» WHAT TO WORK ON:
Repeat all of the data below word for word, keeping no images.

(Stored items from a collection)
-- Opening Marker --

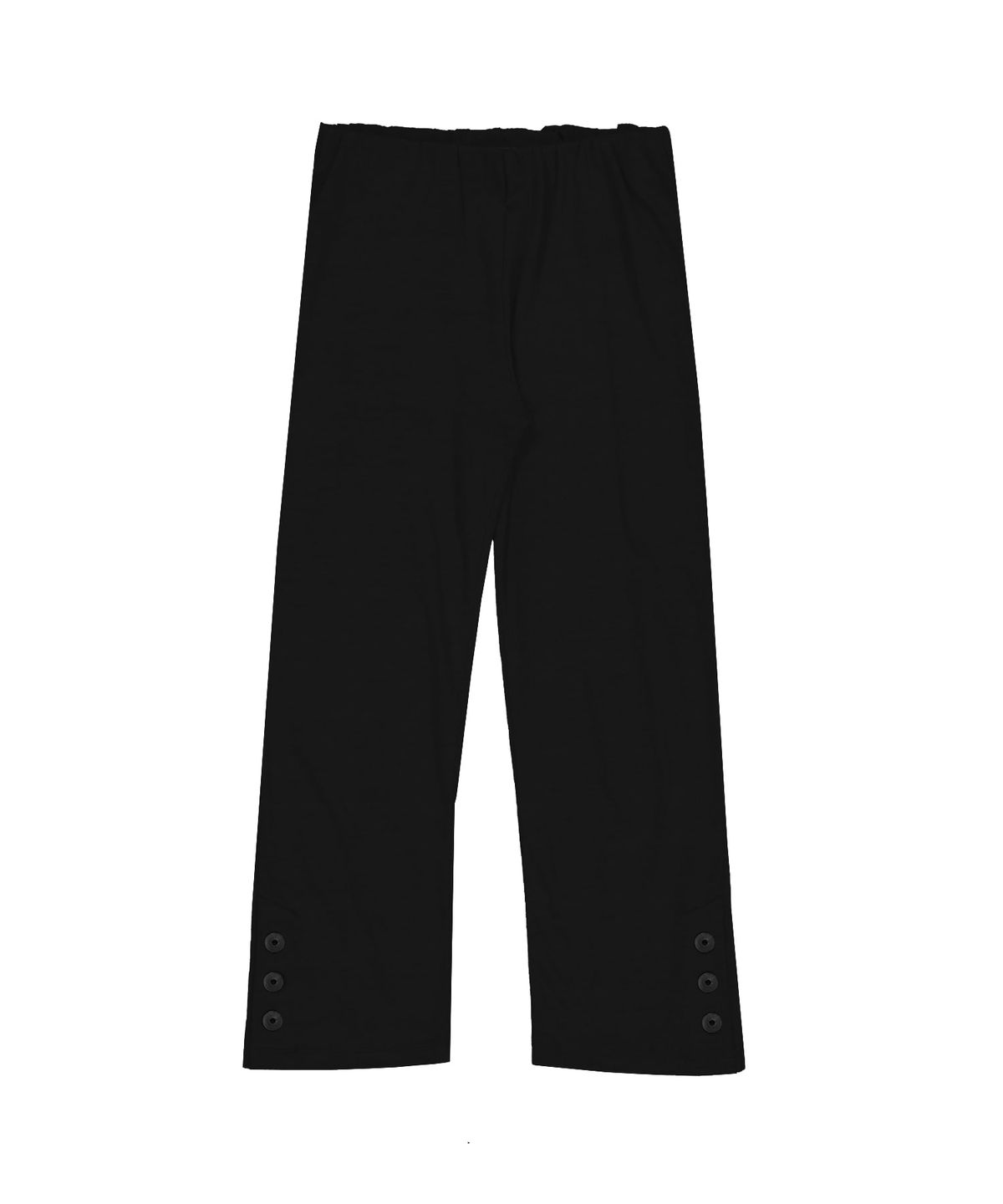 버터니(BUTTONY) BUTTON CAPRI PANTS (BLACK)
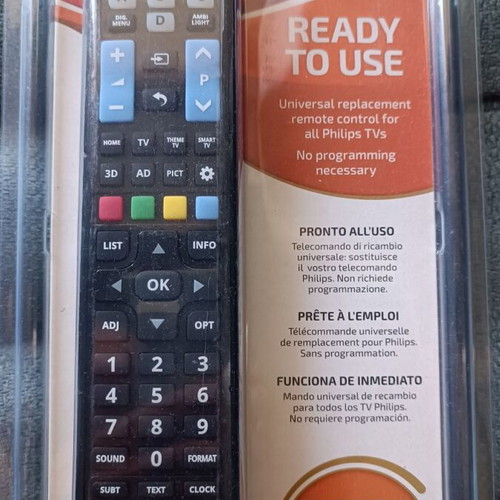 Philips TV remote control, compatible with models from 2000 onwards
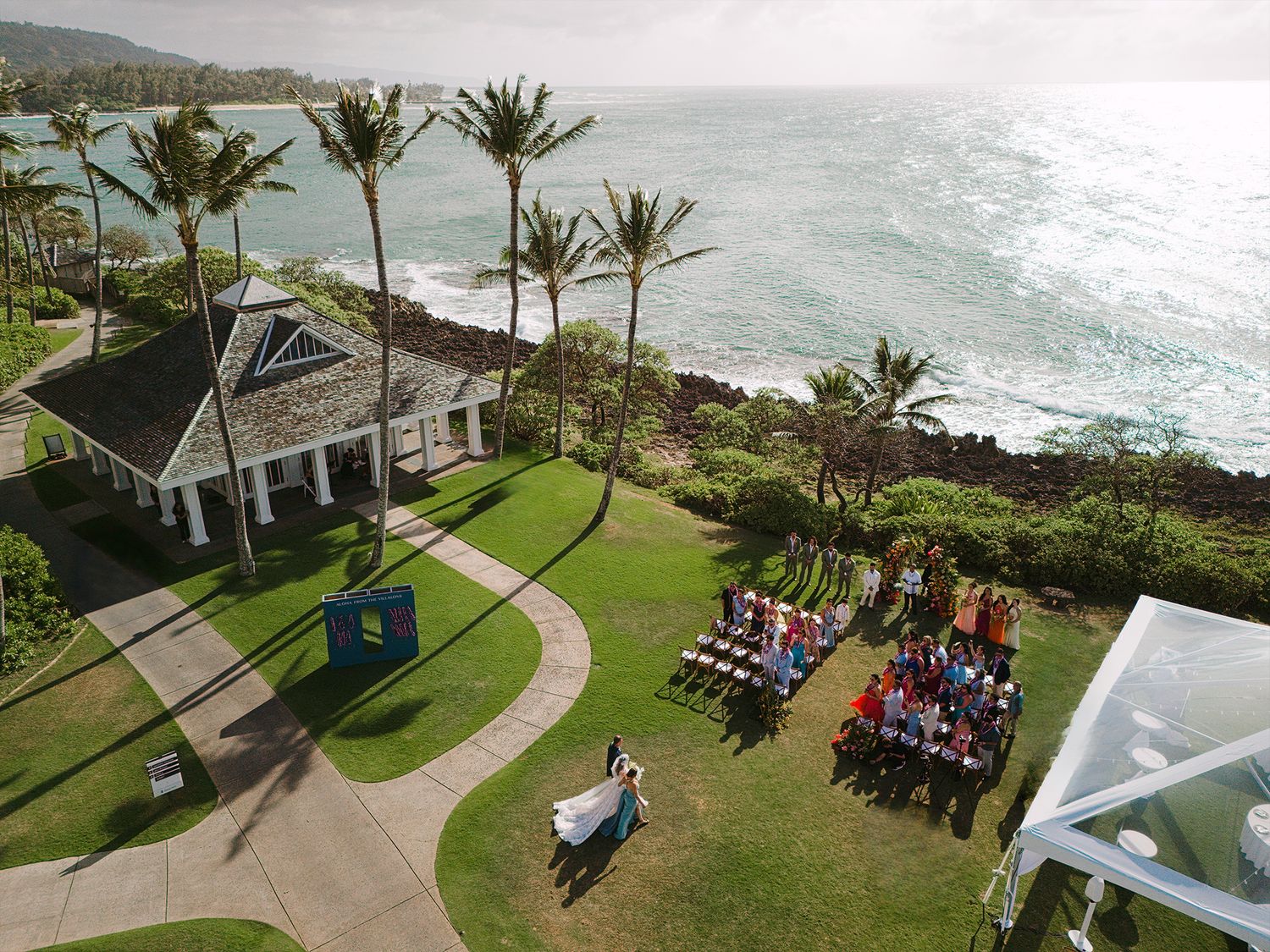 Turtle bay Wedding North short Oahu Hawaii, Drone shoot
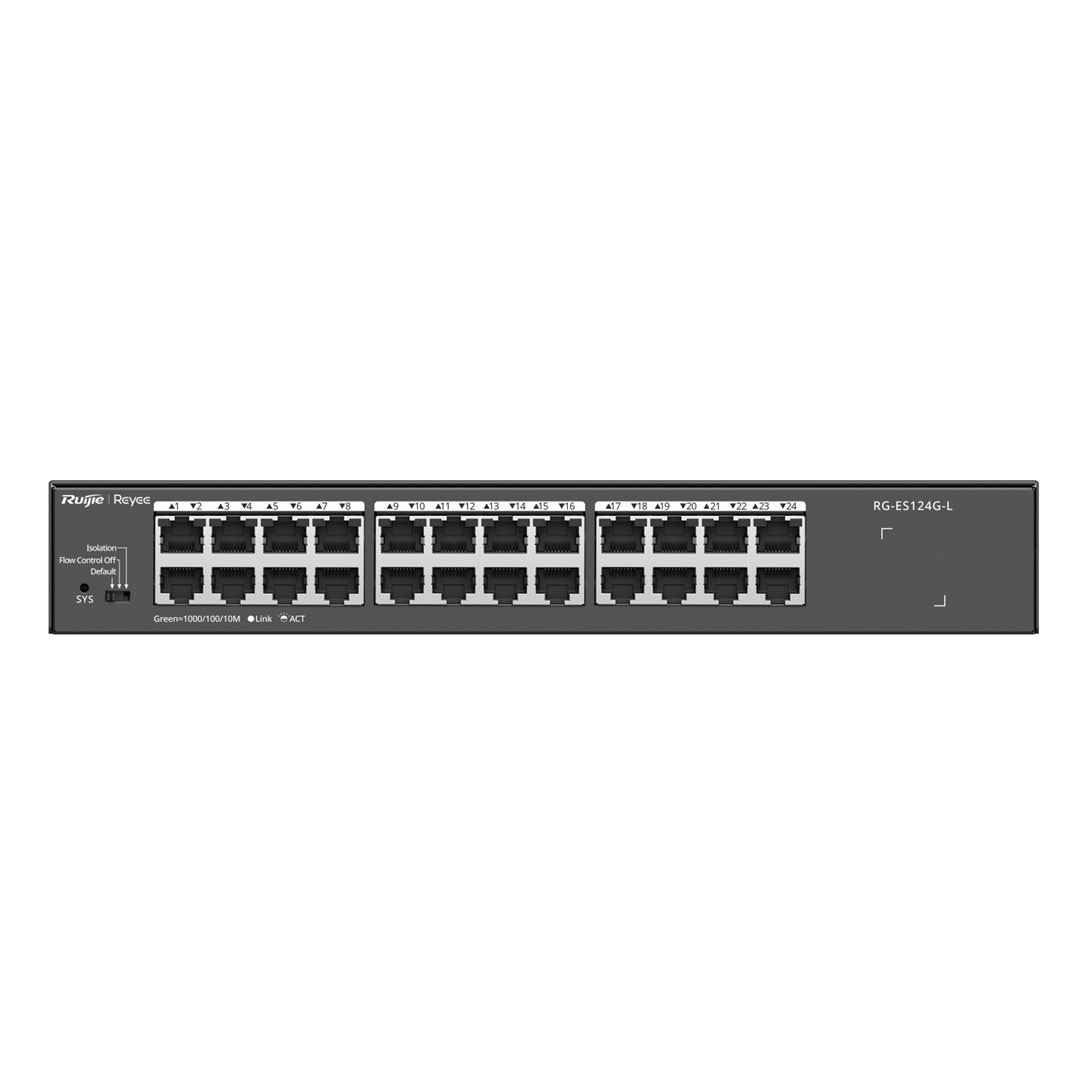 Mrežni switch RUIJIE RG-ES124G-L (24-portni, Gigabit, Unmanaged)-0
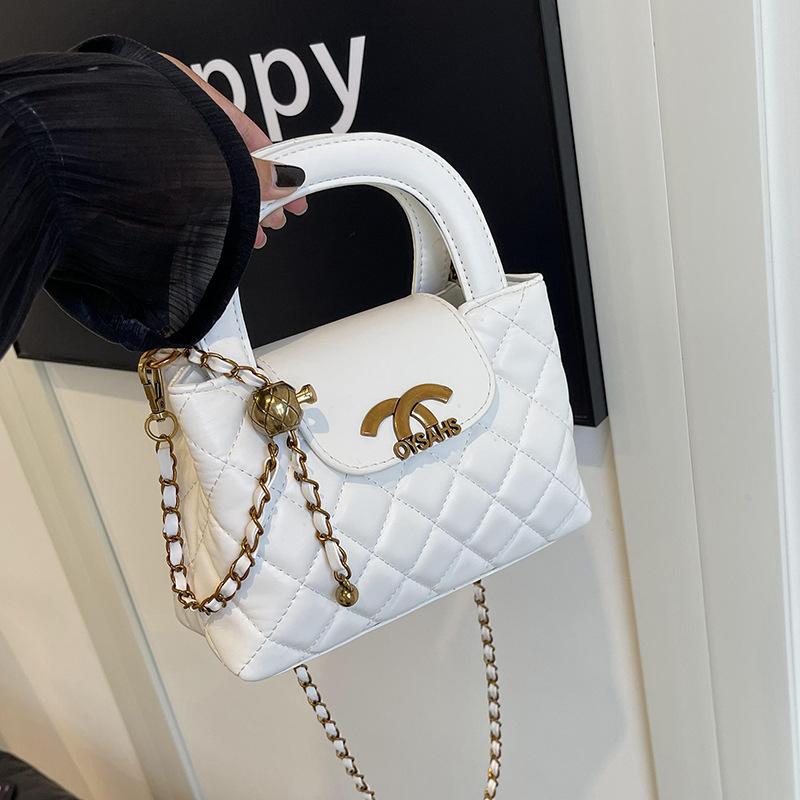 Премиальная сумка-цепочка с бриллиантами, женская новая модная сумка-мессенджер на весну и лето, универсальная сумка на плечо/подмышку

-- Closing Marker --

» EXERCISE ANSWER:
 버터니(BUTTONY) BUTTON CAPRI PANTS (BLACK)
 Philips TV remote control, compatible with models from 2000 onwards
 Turtle bay Wedding North short Oahu Hawaii, Drone shoot
 Mrežni switch RUIJIE RG-ES124G-L (24-portni, Gigabit, Unmanaged)-0
 Премиальная сумка-цепочка с бриллиантами, женская новая модная сумка-мессенджер на весну и лето, универсальная сумка на плечо/подмышку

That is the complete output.